1. 5-10 percent less rainfall in the Mediterranean, southwestern North America, and southern Africa dry seasons
2. 5-10 percent more rainfall in Alaska and other high latitude northern hemisphere areas
3. 3-10 percent increase in amount of rain falling during heaviest precipitation events
4. 5-10 percent less streamflow in some river basins, including the Arkansas and Rio Grande
5. 5-15 percent reduced yield of U.S. corn, African corn, and Indian wheat
6. 15 percent reduction in the annual average of Arctic sea ice area and 25 percent reduction in the yearly minimum

• With each degree Celsius of warming (up to 2°C), a 200-400 percent increase in the area burned by wildfire in parts of the western United States is expected.
• With 3°C of warming, about 250,000 square kilometers of coastal land would be lost and many millions more people would be at risk of coastal flooding.
• The risk management approach to climate change policy has been incorporated into many planning frameworks, including the National Climate Assessment, the New York (City) Panel of Climate Change and Adaptation Task Force, and the Department of Defense. Scientists can say what is at risk, but not how much risk is acceptable. That is a judgment policymakers must make.
• An approach to link policy to science is to adopt an iterative process that can adapt to new scientific evidence and technological advancements. The stabilization targets outlined in the NAS study can form the basis of a “carbon budget”.
• Near-term mitigation should be thought of as an investment in reducing risk—lowering the likelihoods and/or consequences of climate disruption—or partial insurance. While this approach does not produce guarantees of avoided damages, we invest for similar reasons in Homeland Security.
• Delayed mitigation in the United States locks in carbon-intensive energy source investments both private and public and creates long-term inflexibilities. In addition, it creates a competitive disadvantage (e.g. to China) in new technology markets.
• As a respondent to the findings of the NAS study, Dr. MacCracken noted that the conventional approach to climate change policy is to calculate the net effect of emissions on a 100-year time scale. However, methane (CH4) is more potent in the short-term, with a global warming potential 72 times as high as carbon dioxide (CO2) over a 20-year time period (compared to 25 times as high over a 100-year time period).
• Dr.
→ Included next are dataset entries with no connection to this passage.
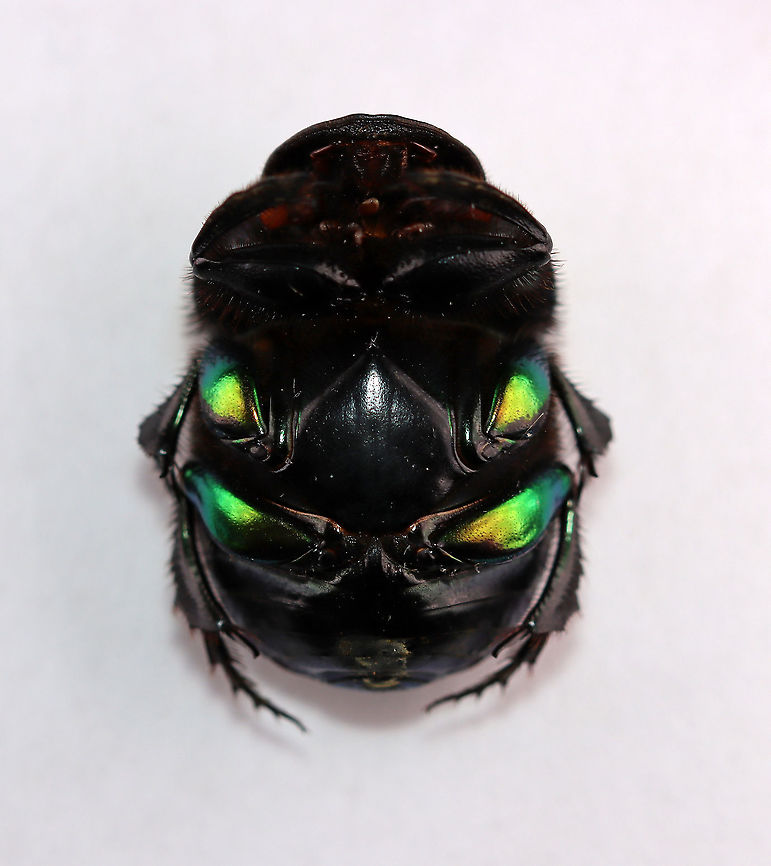Rainbow Scarab Ventral Surface- Phanaeus vindex Shiny, rainbow femurs!!<br />
<br />
I found this beetle near my mailbox this morning. My hands were full, but you better believe I found a way to carry this beetle inside for a photo shoot. I had just chilled it in the fridge before taking this shot, and its front legs were still hiding under its body.<br />
<br />
Habitat: Semi-rural yard; captured and released<br />
<br />
FUN fact: These beetles dig tunnels beneath animal poop. They move some of the poop into the tunnel, where the female lays eggs on it. The larvae feed on the poop until pupating.<br />
<figure class="photo"><a href="https://www.jungledragon.com/image/95977/rainbow_scarab_-_phanaeus_vindex.html" title="Rainbow Scarab - Phanaeus vindex"><img src="https://s3.amazonaws.com/media.jungledragon.com/images/3232/95977_thumb.jpg?AWSAccessKeyId=05GMT0V3GWVNE7GGM1R2&Expires=1769040010&Signature=S76%2FKIXZGeTrJ7KUVFwc0gkNX24%3D" width="200" height="146" alt="Rainbow Scarab - Phanaeus vindex I found this beetle near my mailbox this morning. My hands were full, but you better believe I found a way to carry this beetle inside for a photo shoot. I had just chilled it in the fridge before taking this shot, and its front legs were still hiding under its body.<br />
<br />
Habitat: Semi-rural yard; captured and released<br />
<br />
<br />
FUN fact: These beetles dig tunnels beneath animal poop. They move some of the poop into the tunnel, where the female lays eggs on it. The larvae feed on the poop until pupating.<br />
https://www.jungledragon.com/image/95979/rainbow_scarab_leg_-_phanaeus_vindex.html<br />
https://www.jungledragon.com/image/95976/rainbow_scarab_-_phanaeus_vindex.html<br />
https://www.jungledragon.com/image/95978/rainbow_scarab_ventral_surface-_phanaeus_vindex.html Geotagged,Phanaeus vindex,Spring,United States" /></a></figure><br />
<figure class="photo"><a href="https://www.jungledragon.com/image/95976/rainbow_scarab_-_phanaeus_vindex.html" title="Rainbow Scarab - Phanaeus vindex"><img src="https://s3.amazonaws.com/media.jungledragon.com/images/3232/95976_thumb.jpg?AWSAccessKeyId=05GMT0V3GWVNE7GGM1R2&Expires=1769040010&Signature=LoOzKEdfoZd%2FHN2624yqpnt53%2F4%3D" width="128" height="152" alt="Rainbow Scarab - Phanaeus vindex I found this beetle near my mailbox this morning. My hands were full, but you better believe I found a way to carry this beetle inside for a photo shoot. I had just chilled it in the fridge before taking this shot, and its front legs were still hiding under its body.<br />
<br />
Habitat: Semi-rural yard; captured and released<br />
<br />
<br />
FUN fact: These beetles dig tunnels beneath animal poop. They move some of the poop into the tunnel, where the female lays eggs on it. The larvae feed on the poop until pupating.<br />
https://www.jungledragon.com/image/95979/rainbow_scarab_leg_-_phanaeus_vindex.html<br />
https://www.jungledragon.com/image/95977/rainbow_scarab_-_phanaeus_vindex.html<br />
https://www.jungledragon.com/image/95978/rainbow_scarab_ventral_surface-_phanaeus_vindex.html Geotagged,Phanaeus,Phanaeus vindex,Spring,United States,beetle,burrowing dung beetle,dung beetle,rainbow scarab,scarab" /></a></figure><br />
<figure class="photo"><a href="https://www.jungledragon.com/image/95979/rainbow_scarab_leg_-_phanaeus_vindex.html" title="Rainbow Scarab Leg - Phanaeus vindex"><img src="https://s3.amazonaws.com/media.jungledragon.com/images/3232/95979_thumb.jpg?AWSAccessKeyId=05GMT0V3GWVNE7GGM1R2&Expires=1769040010&Signature=fGWfcbDLs4Xak9rzFC7X9%2FRq6n0%3D" width="200" height="108" alt="Rainbow Scarab Leg - Phanaeus vindex Check out this hind leg!<br />
<br />
I found this beetle near my mailbox this morning. My hands were full, but you better believe I found a way to carry this beetle inside for a photo shoot. I had just chilled it in the fridge before taking this shot, and its front legs were still hiding under its body.<br />
<br />
Habitat: Semi-rural yard; captured and released<br />
<br />
<br />
FUN fact: These beetles dig tunnels beneath animal poop. They move some of the poop into the tunnel, where the female lays eggs on it. The larvae feed on the poop until pupating.<br />
https://www.jungledragon.com/image/95976/rainbow_scarab_-_phanaeus_vindex.html<br />
https://www.jungledragon.com/image/95977/rainbow_scarab_-_phanaeus_vindex.html<br />
https://www.jungledragon.com/image/95978/rainbow_scarab_ventral_surface-_phanaeus_vindex.html Geotagged,Phanaeus vindex,Spring,United States" /></a></figure> Geotagged,Phanaeus vindex,Spring,United States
MacCracken suggested a three-part approach: limit CO2 emissions to limit long-term climate change, sharply reduce methane, black carbon, and ozone (O3) precursors (shorter-lived contributors to warming) to slow the rate of climate change over the next several decades, and sustain the effect that sulfates have had in offsetting the additional warming greenhouse gases would have caused through geo-engineering.

Related Media Coverage

'Climate Change Impacts' report forecasts sharp drop in corn yields by Jon H. Harsch, Agri-Pulse
Climate Change Research Council Report Calculates Effects Of Climate Change Per Degree of Warming by Andrew Childers, BNA (subscription required)

Background

Because carbon dioxide is long-lived in the atmosphere, increases in this gas can lock future generations into a range of impacts. The report uses the latest advances in science to project expected future impacts per degree of warming, which include: 5-10 percent changes in precipitation across many regions, 3-10 percent increases in the amount of rain falling during the heaviest precipitation events, 5-10 percent changes in stream flow across many river basins, 5-15 percent reductions in the yields of crops as currently grown, and 200-400 percent increases in the areas burned by wildfire in parts of the western United States. Policy choices informed by these recent advances in climate science could lead to emission reductions that have far reaching impacts for many future generations.